Call Out Stigma If It Happens
Sometimes, even with the right words, doctors still react poorly. You might hear: “Why would you need that?” or “Are you using heroin?” or “You’re just looking for drugs.” When that happens, you have a right to respond. You don’t have to stay silent. Try this:“I’m concerned that I’m being judged because of how I’m talking about my substance use. I’m not asking for more pills. I’m asking for safety. If you’re not comfortable discussing this, I’d appreciate a referral to someone who is.”Dr. Nora Volkow, director of the National Institute on Drug Abuse, says: “Stigma is the single greatest barrier to people seeking treatment.” So naming it isn’t rude-it’s necessary. If your doctor gets defensive, it’s not your fault. It’s a system problem. And you’ve already done your part by speaking up.

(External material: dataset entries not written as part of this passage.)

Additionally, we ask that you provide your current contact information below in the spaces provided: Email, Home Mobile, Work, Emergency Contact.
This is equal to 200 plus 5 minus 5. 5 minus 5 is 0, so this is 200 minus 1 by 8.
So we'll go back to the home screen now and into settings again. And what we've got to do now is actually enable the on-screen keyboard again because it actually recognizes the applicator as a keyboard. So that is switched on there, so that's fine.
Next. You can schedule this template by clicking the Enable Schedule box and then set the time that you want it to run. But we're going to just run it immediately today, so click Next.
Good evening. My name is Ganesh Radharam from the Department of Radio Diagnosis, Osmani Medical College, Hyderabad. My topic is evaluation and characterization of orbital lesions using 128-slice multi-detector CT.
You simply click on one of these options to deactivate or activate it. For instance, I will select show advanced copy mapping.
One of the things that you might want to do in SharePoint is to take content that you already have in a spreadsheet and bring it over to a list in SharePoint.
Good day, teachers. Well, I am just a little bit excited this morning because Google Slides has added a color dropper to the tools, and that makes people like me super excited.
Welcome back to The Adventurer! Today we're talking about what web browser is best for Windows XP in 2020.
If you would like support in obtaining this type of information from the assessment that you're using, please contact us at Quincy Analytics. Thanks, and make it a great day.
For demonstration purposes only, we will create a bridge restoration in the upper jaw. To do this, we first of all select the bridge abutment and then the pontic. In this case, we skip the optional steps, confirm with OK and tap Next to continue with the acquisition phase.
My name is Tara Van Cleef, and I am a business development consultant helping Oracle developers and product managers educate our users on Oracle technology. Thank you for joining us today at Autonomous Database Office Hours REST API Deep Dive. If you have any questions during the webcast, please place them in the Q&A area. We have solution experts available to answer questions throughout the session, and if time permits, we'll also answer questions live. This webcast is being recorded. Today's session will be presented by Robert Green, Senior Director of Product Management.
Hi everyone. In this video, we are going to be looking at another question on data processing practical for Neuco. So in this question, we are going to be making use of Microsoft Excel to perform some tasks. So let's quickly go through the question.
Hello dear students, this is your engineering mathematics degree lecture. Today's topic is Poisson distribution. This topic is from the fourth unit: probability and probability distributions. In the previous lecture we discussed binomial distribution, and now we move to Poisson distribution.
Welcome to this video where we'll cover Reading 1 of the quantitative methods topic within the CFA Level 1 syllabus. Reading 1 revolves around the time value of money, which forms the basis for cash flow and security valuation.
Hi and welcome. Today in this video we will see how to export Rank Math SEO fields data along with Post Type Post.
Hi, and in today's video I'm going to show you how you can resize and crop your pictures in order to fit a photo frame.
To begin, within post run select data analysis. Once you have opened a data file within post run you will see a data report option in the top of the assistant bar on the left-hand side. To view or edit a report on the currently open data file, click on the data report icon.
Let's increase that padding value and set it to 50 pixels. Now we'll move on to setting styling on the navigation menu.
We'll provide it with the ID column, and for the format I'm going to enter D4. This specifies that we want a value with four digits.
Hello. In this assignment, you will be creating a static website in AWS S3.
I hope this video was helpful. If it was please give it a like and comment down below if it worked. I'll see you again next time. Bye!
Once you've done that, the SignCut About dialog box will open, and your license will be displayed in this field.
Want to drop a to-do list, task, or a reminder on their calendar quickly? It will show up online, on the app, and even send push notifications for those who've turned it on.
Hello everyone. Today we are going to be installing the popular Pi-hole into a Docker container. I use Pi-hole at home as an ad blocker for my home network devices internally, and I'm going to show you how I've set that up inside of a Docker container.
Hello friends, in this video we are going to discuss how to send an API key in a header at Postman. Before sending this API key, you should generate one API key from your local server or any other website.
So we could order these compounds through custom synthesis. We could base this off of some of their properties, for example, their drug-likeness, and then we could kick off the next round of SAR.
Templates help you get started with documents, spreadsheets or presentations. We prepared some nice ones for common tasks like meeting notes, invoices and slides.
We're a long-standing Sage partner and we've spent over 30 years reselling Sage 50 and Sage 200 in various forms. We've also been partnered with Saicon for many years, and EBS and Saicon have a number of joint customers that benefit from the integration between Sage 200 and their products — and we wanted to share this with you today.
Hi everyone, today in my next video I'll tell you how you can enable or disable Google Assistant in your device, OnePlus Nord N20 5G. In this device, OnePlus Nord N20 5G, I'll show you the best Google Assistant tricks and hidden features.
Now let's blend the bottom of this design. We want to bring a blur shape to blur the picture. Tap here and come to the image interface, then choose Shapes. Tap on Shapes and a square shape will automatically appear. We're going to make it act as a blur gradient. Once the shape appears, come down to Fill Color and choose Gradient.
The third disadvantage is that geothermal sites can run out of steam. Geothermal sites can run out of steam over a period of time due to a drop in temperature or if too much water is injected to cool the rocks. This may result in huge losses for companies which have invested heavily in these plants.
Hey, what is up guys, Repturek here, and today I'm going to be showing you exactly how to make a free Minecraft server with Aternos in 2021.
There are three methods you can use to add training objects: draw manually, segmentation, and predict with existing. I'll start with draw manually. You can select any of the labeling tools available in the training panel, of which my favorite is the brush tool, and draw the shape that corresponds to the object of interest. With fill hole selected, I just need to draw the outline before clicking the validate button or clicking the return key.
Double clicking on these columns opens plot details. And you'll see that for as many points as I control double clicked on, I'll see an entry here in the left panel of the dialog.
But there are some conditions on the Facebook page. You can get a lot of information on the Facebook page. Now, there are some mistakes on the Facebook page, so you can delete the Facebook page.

Use the Same Script for All Chronic Conditions
Think about how you talk about other health risks. You don’t apologize for asking about blood pressure checks. You don’t feel guilty for asking about skin cancer screenings. Overdose prevention should be the same. Dr. Bobby Mukkamala from the American Medical Association says: “Naloxone access should be viewed like an EpiPen for allergies or a defibrillator for heart conditions. It’s not about behavior-it’s about preparedness.” So frame it that way:“I manage my chronic pain with medication. Just like we check my blood sugar if I have diabetes, can we talk about overdose risk as part of my regular care?”This shifts the conversation from judgment to standard medical practice.
What If Your Doctor Says No?
Some doctors still don’t know how to respond. Or they’re afraid of legal issues. Or they’ve never been trained. If they refuse naloxone, ask:- “Can you refer me to a provider who specializes in addiction medicine?”
- “Is there a clinic nearby that offers overdose prevention services?”
- “Can you give me the name of a pharmacy where I can buy naloxone without a prescription?”